#### ABOUT THIS EXERCISE
In the records below, find the line containing "1st image of 204-15 Jamaica Ave #1R", then print it and every following line exactly, through the last, without pictures.

::: RECORDS SHOWN

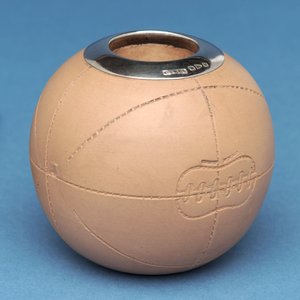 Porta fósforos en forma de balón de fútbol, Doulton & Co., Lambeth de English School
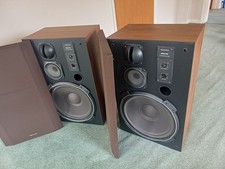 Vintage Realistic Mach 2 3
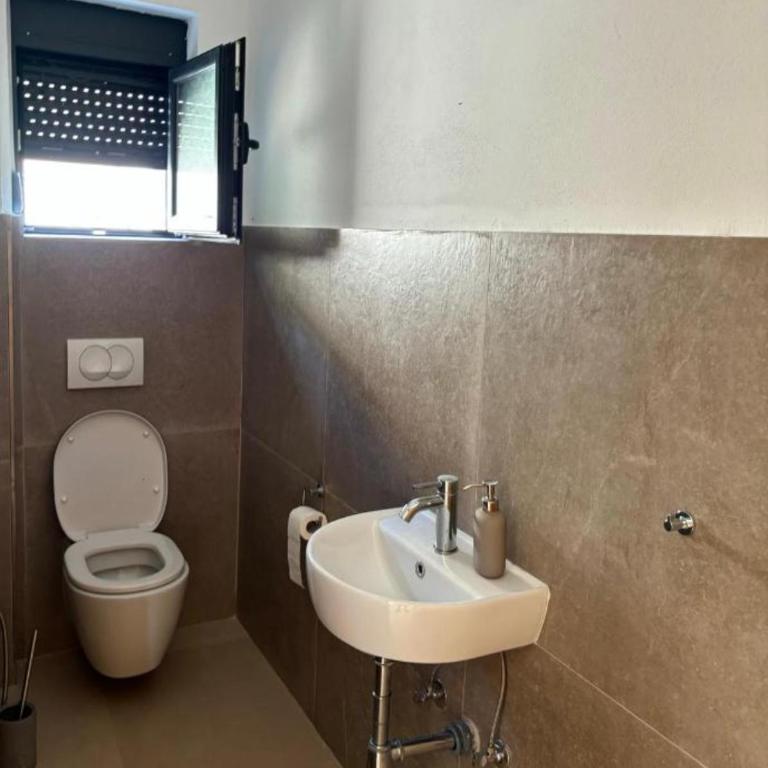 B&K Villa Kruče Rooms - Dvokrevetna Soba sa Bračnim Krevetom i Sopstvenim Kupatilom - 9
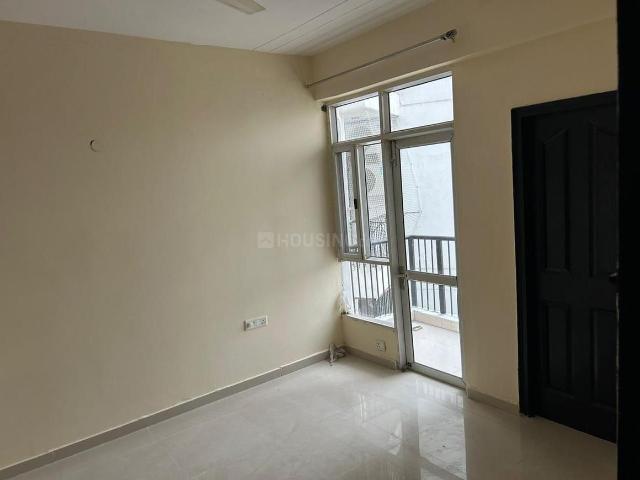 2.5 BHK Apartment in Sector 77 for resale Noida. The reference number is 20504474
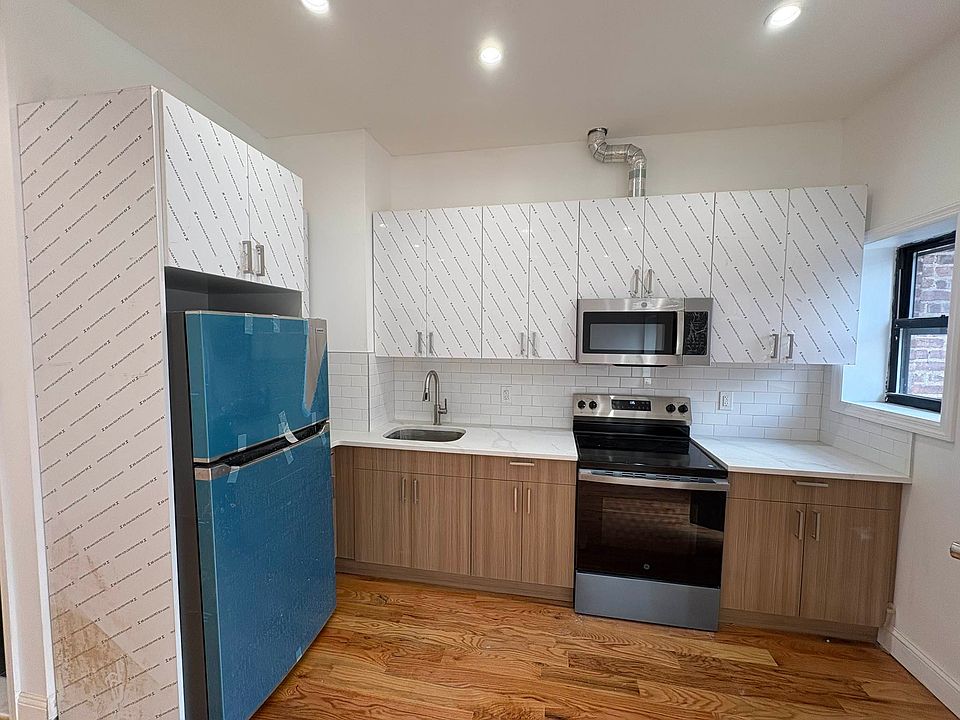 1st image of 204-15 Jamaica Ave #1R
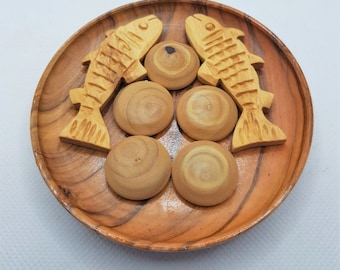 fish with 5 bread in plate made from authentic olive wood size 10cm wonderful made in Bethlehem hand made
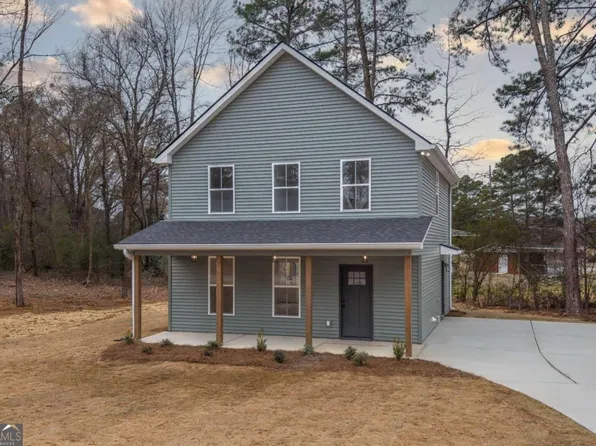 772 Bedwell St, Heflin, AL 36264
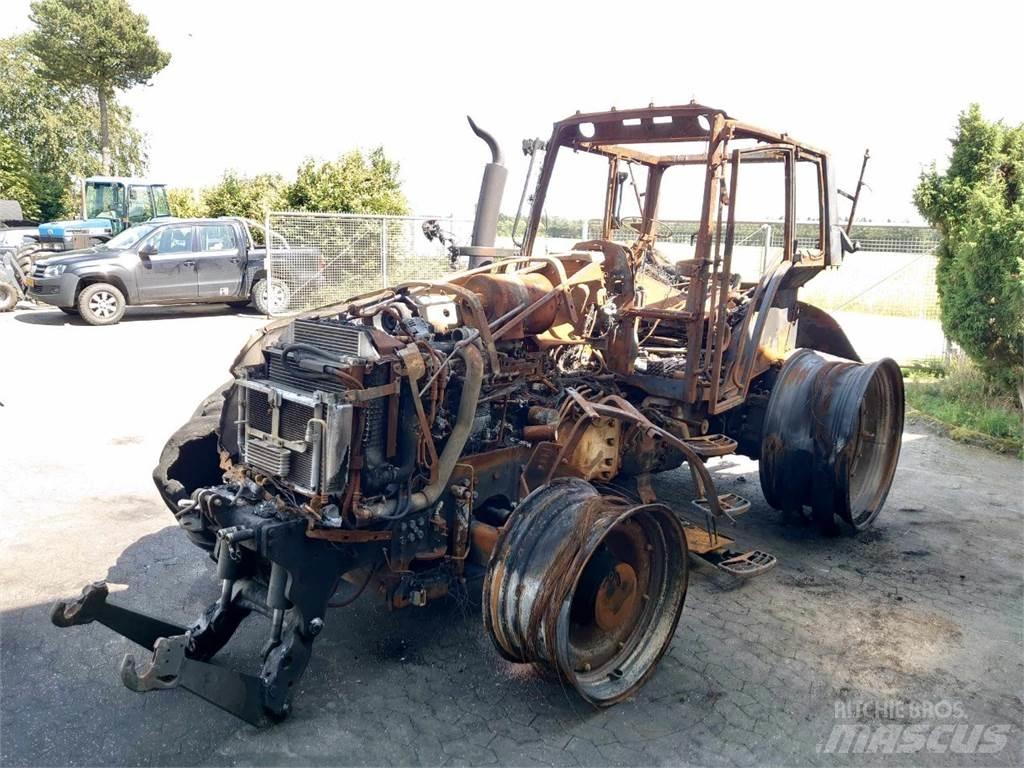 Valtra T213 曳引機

::::::

#### YOUR SOLUTION
 1st image of 204-15 Jamaica Ave #1R
 fish with 5 bread in plate made from authentic olive wood size 10cm wonderful made in Bethlehem hand made
 772 Bedwell St, Heflin, AL 36264
 Valtra T213 曳引機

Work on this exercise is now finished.